The key outcomes from the deliberation process between the global accountancy associations the IASB and FASB on their proposals on leases is given by EY’s Patrick O’Driscoll who is a senior manager in EY’s aviation leasing practice. His guide to all the important decision informs lessors on what they should expect in 2015. While the Boards reiterated their commitment to putting most leases on the balance sheets of lessees and to reaching a converged solution, recent discussion of how to simplify lessee accounting highlighted the differences may be difficult to resolve, he says.

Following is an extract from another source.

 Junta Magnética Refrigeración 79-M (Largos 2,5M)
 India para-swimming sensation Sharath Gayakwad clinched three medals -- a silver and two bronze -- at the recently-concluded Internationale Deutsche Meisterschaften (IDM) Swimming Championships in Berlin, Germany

Both the Financial Accounting Standards Board (FASB) and the International Accounting Standards Board (IASB) (collectively, the Boards) are looking for ways to simplify their 2013 proposal on leases in response to feedback from constituents that the accounting would have been too complex and costly to apply.
While the Boards reiterated their commitment to putting most leases on the balance sheets of lessees and to reaching a converged solution, recent discussion of how to simplify lessee accounting highlighted differences between the Boards that may be difficult to resolve.
The Boards reached certain tentative decisions on a short-term lease exception as well as other ways to simplify their May 2013 exposure draft (the ED). In relation to lessee accounting, the IASB supported a single on-balance sheet model for lessee accounting while the FASB supported a dual on-balance sheet model. Despite this fundamental difference, the Boards reiterated their commitment to seek a converged solution indicating that there may be some way to go on this.
Most significantly, the Boards also indicated that they do not intend to significantly change lessor accounting. Instead, they supported retaining a dual classification model. This article intends to discuss some of the significant decisions made over the course of the redeliberation process to date.
The Boards decided to limit changes to the lessor accounting model, classifying leases using today’s IFRS approach. The bright line principles for lease term, as a percentage of useful life (75%) or the PV of future lease payments as a percentage of NBV (90%) currently present in US GAAP would no longer apply.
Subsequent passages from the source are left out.